- Date: 30 May 2012
- Venue: Greenmount Collage
Hundreds of farmers from across Northern Ireland attended the Greenmount Centenary Grassland Open Day, held in conjunction with the Ulster Grassland Society.
At Greenmount in the second week of May grass growth across the dairy paddocks was less than 50% of the 10 year GrassCheck average. As a consequence the majority of farms have been “chasing grass” particularly on set stocked, grazing ground.
However since week beginning 21st May weather conditions improved significantly and growth was recorded at over 100 kg DM/ha/day, a dramatic turnaround in a few days.
At the Grassland Open Day farmers were able to see first hand and discuss with CAFRE staff the management of the dairy herd, beef cattle and ewe flock in this volatile grass year with the sudden surge of grass.
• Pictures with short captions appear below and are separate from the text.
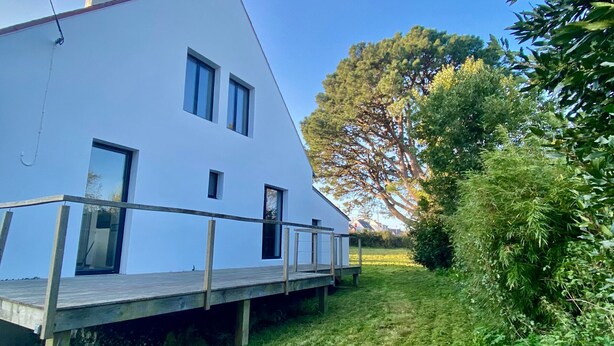 En moderne hvid bygning med en træterrasse og et stort træ i baggrunden.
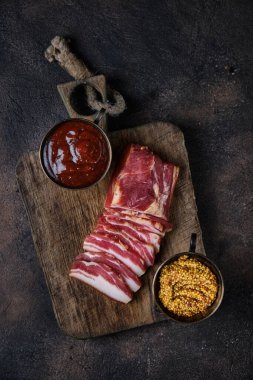 Tahtaya tütsülenmiş domuz pastırması ve birkaç kesik parça.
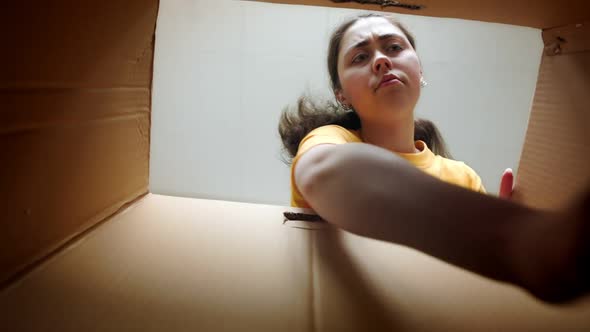 A young woman opens the cardboard box in frustration, taking out books and perplexed indignation.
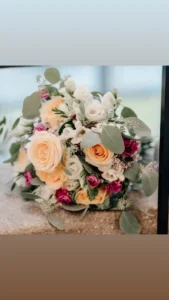 Ein lebendiger Strauß mit pfirsichfarbenen Rosen, weißen Blumen und kleinen rosa Blüten, akzentuiert durch üppiges Grün, steht auf einer Steinoberfläche. Dieses elegante Arrangement ist perfekt für die Hochzeitsplanung und schafft ein frisches Ambiente, das sich ideal für Hochzeitsfeiern eignet.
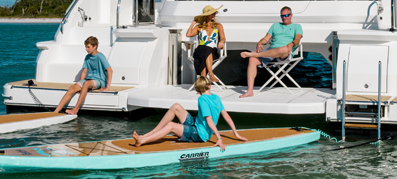 family on a MarineMax charter with paddle boards 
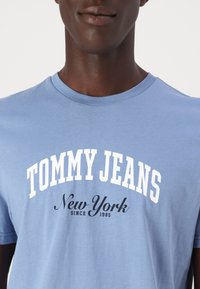 Gaiši zils kokvilnas t-krekls ar baltu tekstu "TOMMY JEANS" un melnu "New York since 1985", apaļa kakla dizains, īsas piedurknes.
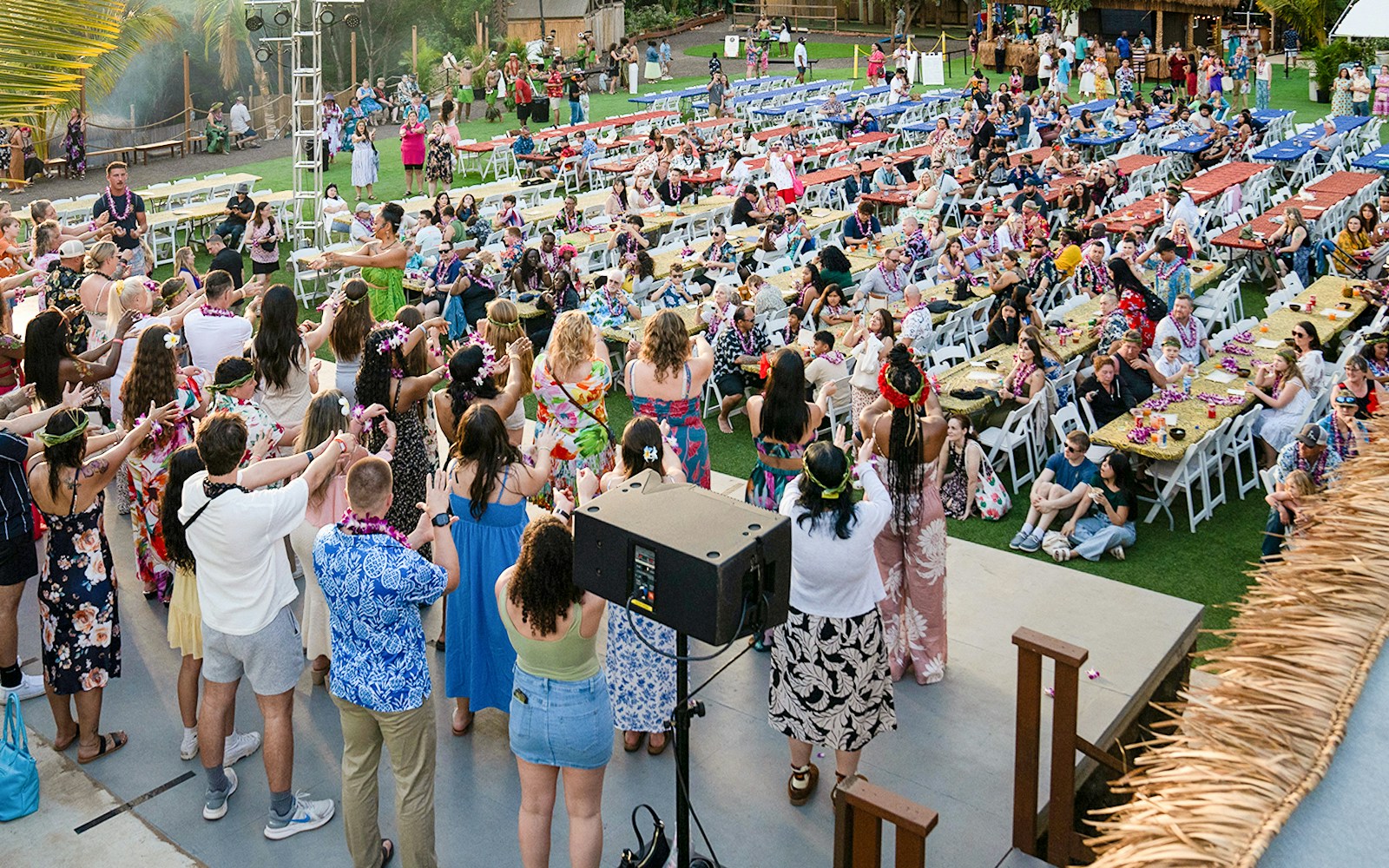 Guests and staff gathered together engaged in pre show activities at Mauka Warriors Luau community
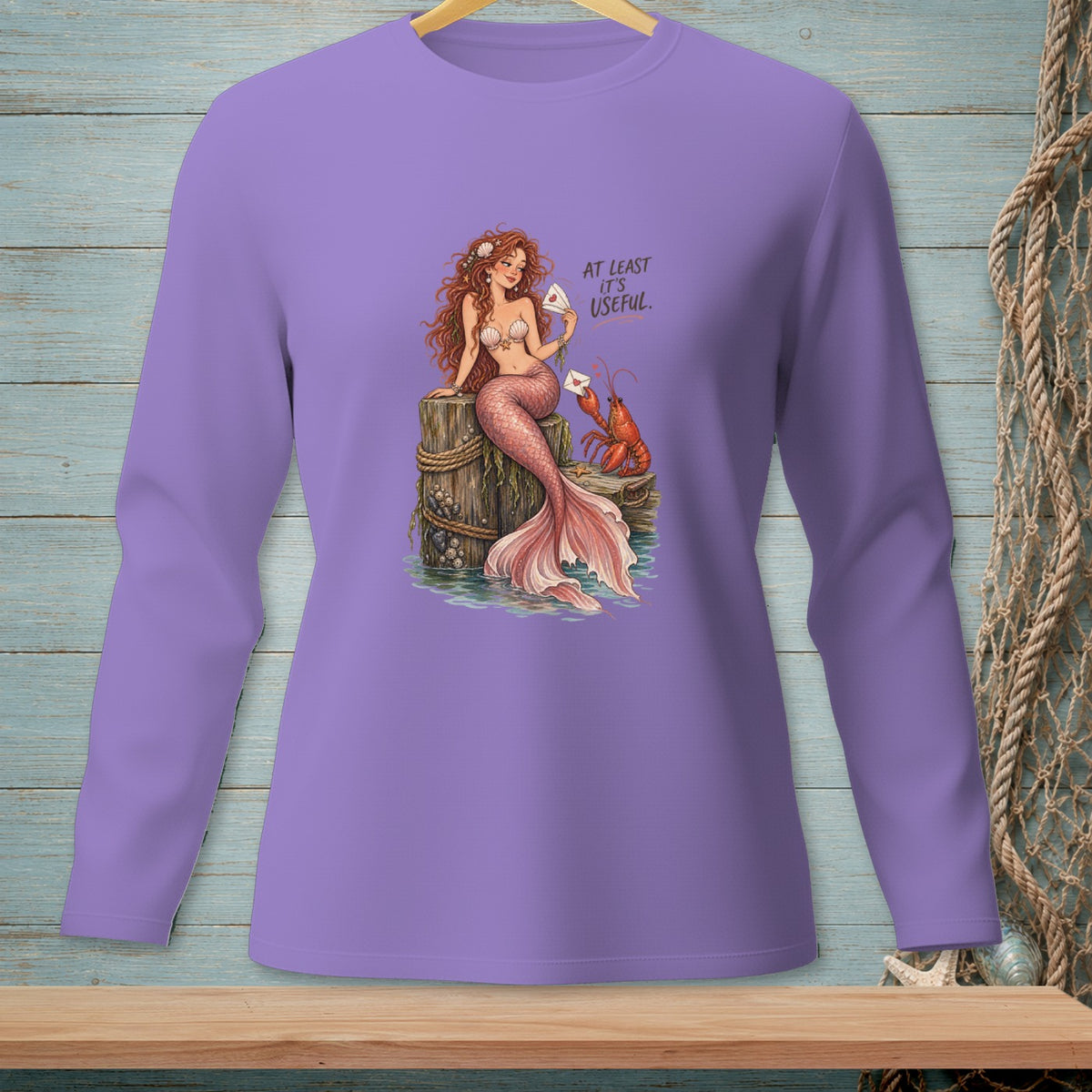 Mermaid and lobster receiving mail with text "AT LEAST IT'S USEFUL."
Grazed grass still forms the majority of a dairy cow’s summer diet in Northern Ireland. It remains the cheapest, and one of the best quality feeds that a dairy farmer can use for his dairy herd. If grazing management is poor however, grass quality will decline leading to lower dry matter intakes and poorer grass utilisation. The difference between good grassland management and poor grassland management may seem small in practical terms but the financial difference can be substantial. A range in margin over concentrates in May on grazing farms can show as much as £2.00 per cow per day variation from the top to the bottom. For a 100 cow dairy herd, this means a difference in profit of £6,000 for a single month.
A grazing display at the event showed the quality of grass offered to the Future herd and demonstrated grass covers that are too heavy to graze and need to be taken out of a rotation and big baled. Typical daily performance of the Future Herd in May was a milk yield average of 28 – 30 litres produced from 5 – 6 kilos of concentrate.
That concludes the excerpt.